Britain’s Speaker apologises, election calls grow

LONDON (Reuters) – The most senior official in Britain’s lower house of parliament apologised to the nation yesterday for an expenses scandal among lawmakers that has prompted growing calls for an early general election.

“Please allow me to say to the men and women of the United Kingdom that we have let you down very badly indeed,” Speaker Michael Martin said in a speech to a packed chamber.

Sidestepping calls to quit over his handling of the crisis, Martin said he would meet party leaders in the next two days to discuss reforms to a system which saw claims for everything from bathplugs and biscuits to cat food and tennis court repairs.

“We must all accept blame and to the extent that I have contributed to the situation, I am profoundly sorry,” said Martin, dressed in the Speaker’s black robe.

Forcing Martin’s resignation would be a constitutional landmark on a par with the abdication of a monarch or a US president’s impeachment, said John Curtice, professor of politics at Strathclyde University, Scotland.

“There is a reverence about the office … a kind of mythology about it,” he said. “It is the equivalent of an abdication crisis. There is no doubt we are in a pretty old whirlwind. We are going to remember this one.”

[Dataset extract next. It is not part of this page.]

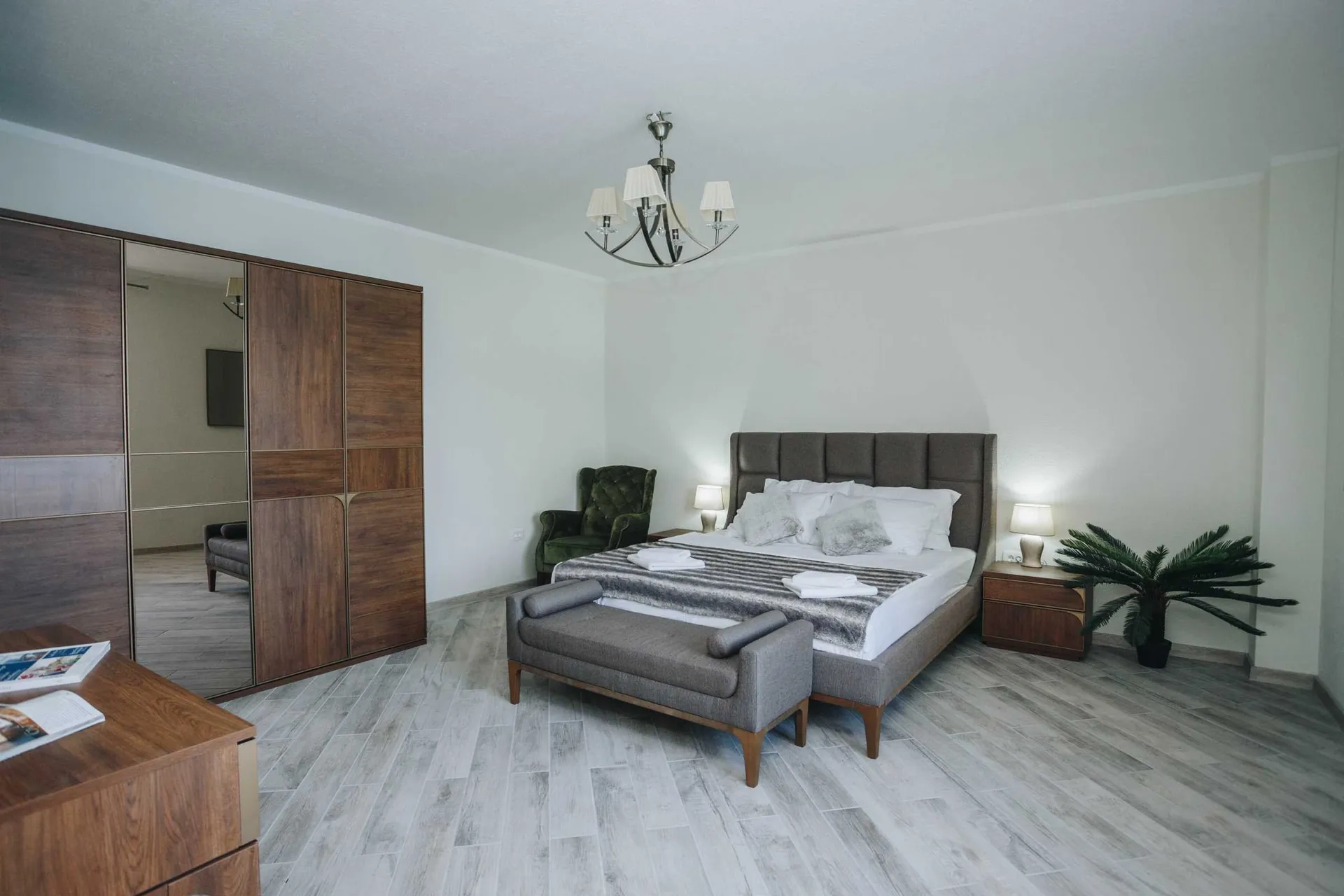 Modern bedroom featuring a large bed with gray headboard, wooden wardrobe with mirror, and bench at foot.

Conservative lawmaker Patrick Cormack likened the situation to the wartime debate in parliament that led to the resignation of the then prime minister Neville Chamberlain in 1940.

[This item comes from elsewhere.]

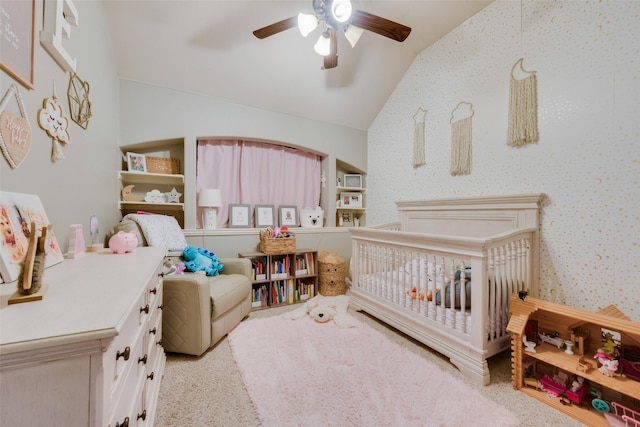 bedroom with ceiling fan, light colored carpet, and lofted ceiling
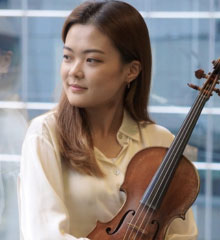 Young woman looks to the right and is holding a violin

“What is at stake is the institution of parliament and its integrity,” Cormack told the lower house after Martin’s speech.
Earlier, Prime Minister Gordon Brown called for “root and branch” reform to defuse a scandal that has damaged all the main political parties but appears to be hitting Labour hardest after 12 years in power.

Opposition leader David Cameron, whose Conservative party is well ahead in opinion polls, urged Britons to campaign for an early general election, saying the removal of the Speaker would not be enough to restore parliament’s authority.

Martin, a former metal worker and trade union official who grew up in a working class part of Scotland, blocked a debate over his future in parliament.

If ousted, he would be the first Speaker to be sacked since John Trevor lost his post for taking bribes in 1695. His departure would spark a by-election in his constituency in Glasgow and could add to calls for a national poll.

The Speaker is the highest authority in the lower house and represents the chamber to the monarch. His duties include keeping order during debates, calling lawmakers to speak and making sure they follow the rules of parliament.

Liberal Democrat lawmaker Norman Baker told Sky News: “Today’s performance was terrible, frankly. I am afraid he signed his own political death warrant today.”